But then, wouldn’t you like to do more by yourself? Wouldn’t that make you feel good? The nurse hands you the wash cloth, holding it with both hands so that the opening faces you. She gives you an encouraging smile. You feel the implicit request, implicit demand. You raise your arm slowly, reach out your hand, slide it into the wash cloth. It has been long since you held a wash cloth. It feels wet and soft. The nurse already put the soap on it. Slowly you start moving your hand and bring it to your face. You close your eyes.
The wash cloth touches your face and moves to your left cheek. In a circling motion you guide it over your left cheek, your mouth, right cheek. A drop of soapy water runs down your arm, which trembles as you fight the force of gravity, lying in your bed. The image of the nurse, nodding with encouragement, appears vaguely through your eye lids which you hold nearly closed against the soap. Your hand arrives all the way up at your forehead again. “Well done!” the nurse calls out. Tired from the exercise, your arm slides back on the bed sheet. It is still trembling. You sigh.
The nurse grabs the wash cloth again, rinses it, and removes the soap from your face. Three firm strokes. Dries your face with a towel. You blink a few times. Well, didn’t it feel good? To have washed your face again, after so many years?
The next morning, as you wake up, your arm hurts a little. Oh, but that will get better with practice! Don’t you worry. There is knocking on the door. The nurse enters before you can answer. As always. Good morning! She gives you a quick look with a smile. Moves hastily into your bathroom. Things being moved, running water. Are you ready to try some washing today?
No more stillness. Activity is what counts. Activity is good. No more stillness.”
Bridging distance: letter writing
by Sarita Fae Jarmack
It is always nerve-racking to perform at a panel, but I figure if I have followed the standards guided by those before me, tested amongst peers, and refined with the help of editors, surly not too much damage can be done reading all those blocks of words out loud. Academic papers have rules. They are formulated to conclude. They are structured into fact-packed and squared off paragraphs. As they generate currency, they have purpose, a destination. But a year into my PhD, I was wondering where is the space to explore the unconventional content, to experiment with unfinished content? Should I tuck it away for rainy Sunday mornings, pretending to separate it off from the process that goes into writing conference papers? As I am interested in blurring these boundaries, I took this ethnography slam as a space to do so. Under a group topic Dialogue, I shared about a fun habit of mine during fieldwork: letter writing. In some small way, through my practice I hope to continue experimenting with challenging this panel reading tradition.
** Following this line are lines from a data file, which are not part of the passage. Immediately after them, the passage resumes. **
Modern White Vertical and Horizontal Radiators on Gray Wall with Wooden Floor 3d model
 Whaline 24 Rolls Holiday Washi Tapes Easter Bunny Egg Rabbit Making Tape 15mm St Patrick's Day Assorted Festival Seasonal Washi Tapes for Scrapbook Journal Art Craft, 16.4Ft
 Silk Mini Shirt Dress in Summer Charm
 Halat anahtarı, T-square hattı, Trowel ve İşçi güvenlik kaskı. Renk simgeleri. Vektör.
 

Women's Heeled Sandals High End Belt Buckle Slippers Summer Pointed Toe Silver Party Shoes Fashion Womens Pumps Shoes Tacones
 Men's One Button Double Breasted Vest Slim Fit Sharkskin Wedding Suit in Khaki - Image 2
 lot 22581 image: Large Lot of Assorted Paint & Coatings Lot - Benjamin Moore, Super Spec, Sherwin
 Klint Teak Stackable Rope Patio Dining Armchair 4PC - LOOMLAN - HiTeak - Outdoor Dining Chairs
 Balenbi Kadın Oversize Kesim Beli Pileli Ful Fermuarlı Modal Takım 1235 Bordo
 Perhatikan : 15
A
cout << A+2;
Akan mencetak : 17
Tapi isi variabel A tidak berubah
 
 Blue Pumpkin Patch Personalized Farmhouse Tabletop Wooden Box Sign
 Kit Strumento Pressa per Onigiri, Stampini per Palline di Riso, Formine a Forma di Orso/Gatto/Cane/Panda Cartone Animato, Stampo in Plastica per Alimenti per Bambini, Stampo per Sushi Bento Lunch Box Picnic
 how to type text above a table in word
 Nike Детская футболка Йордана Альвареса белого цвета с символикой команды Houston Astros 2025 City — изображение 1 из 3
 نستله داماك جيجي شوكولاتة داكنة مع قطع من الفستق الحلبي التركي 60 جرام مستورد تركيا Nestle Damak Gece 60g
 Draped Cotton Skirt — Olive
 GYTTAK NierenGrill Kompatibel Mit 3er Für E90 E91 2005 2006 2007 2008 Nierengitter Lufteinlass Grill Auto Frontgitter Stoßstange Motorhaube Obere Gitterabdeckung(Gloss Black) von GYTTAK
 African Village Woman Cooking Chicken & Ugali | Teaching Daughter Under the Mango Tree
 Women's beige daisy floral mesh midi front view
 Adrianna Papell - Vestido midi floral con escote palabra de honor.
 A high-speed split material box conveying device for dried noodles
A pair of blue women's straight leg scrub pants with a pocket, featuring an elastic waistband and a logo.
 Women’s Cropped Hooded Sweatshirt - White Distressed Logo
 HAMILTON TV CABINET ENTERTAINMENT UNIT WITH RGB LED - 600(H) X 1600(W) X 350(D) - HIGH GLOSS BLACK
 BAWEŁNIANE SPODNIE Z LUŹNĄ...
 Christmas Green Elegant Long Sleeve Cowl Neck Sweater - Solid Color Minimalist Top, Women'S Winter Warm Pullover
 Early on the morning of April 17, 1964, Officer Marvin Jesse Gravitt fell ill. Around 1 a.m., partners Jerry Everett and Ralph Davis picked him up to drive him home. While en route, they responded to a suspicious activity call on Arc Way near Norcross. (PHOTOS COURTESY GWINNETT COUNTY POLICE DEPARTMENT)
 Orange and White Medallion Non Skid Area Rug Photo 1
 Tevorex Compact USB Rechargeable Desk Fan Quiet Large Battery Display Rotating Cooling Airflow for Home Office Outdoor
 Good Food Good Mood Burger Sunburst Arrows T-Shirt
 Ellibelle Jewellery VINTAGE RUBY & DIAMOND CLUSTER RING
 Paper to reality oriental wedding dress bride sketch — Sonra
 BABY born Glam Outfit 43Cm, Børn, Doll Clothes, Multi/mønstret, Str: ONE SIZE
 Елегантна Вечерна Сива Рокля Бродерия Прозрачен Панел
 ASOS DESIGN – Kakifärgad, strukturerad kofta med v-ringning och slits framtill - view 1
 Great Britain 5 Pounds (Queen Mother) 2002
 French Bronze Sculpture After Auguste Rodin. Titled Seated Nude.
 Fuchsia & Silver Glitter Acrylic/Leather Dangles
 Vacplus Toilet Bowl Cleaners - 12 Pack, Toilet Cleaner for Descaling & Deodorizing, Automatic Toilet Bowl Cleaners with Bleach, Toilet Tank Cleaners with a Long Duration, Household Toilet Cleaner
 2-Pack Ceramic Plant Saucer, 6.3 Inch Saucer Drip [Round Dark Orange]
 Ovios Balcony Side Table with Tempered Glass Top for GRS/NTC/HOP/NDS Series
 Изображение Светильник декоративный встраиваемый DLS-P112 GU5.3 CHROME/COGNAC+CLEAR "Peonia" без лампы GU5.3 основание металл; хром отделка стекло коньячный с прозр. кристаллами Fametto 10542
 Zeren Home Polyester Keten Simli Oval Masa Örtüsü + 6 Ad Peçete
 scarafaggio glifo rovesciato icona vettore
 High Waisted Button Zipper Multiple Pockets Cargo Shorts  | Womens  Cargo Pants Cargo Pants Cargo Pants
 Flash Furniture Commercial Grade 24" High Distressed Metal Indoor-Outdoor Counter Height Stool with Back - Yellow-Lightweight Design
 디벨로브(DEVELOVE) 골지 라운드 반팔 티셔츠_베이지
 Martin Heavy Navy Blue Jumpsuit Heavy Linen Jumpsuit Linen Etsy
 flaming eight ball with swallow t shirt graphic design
…and for those days when writing just doesn’t seem so fun, making a recording of work is a nice alternative.
Sliding my hand across the paper in micro movements, my muscles contract with each hand-written letter. Can you see my hesitations between the words or the smudged trails of ink on the ends of sentences? I sulk in my horrendous spelling with scribbles here and there and purposely shmooshed together letters to hide my lack of commitment to awkward words. Pausing to warm my hands on the coffee cup, I set it down leaving a ring – a signature of its own on the papers of my life. The candles dance on the table while the hum of chatter and coffeehouse music plays in the background. My fingertips touch the corners of each paper, letting the sharp edge crease my skin.
Pulled from my core and spewed out as a canvas of thought, my hands slowly breathe life into my affection for those of whom the letters are received by. I meditate on your existence as I write. An extension of my being, bridging space and time with those at a distance. This letter is a place for others to mingle between the crevasses of my brain, the intimate contradictory thoughts of which my daily shortcomings are made of. I wish for it to be a dialogue of play between the realities in which you and I live amongst.
Those letters, with their unique fold, penmanship, smell, and touch; They go beyond the impact of which any email or text could possibly hold. They are tangible and travel with me, a piece of you and thus a piece of me in return, saved for years, left as windows into our lives and sealed with our own spit.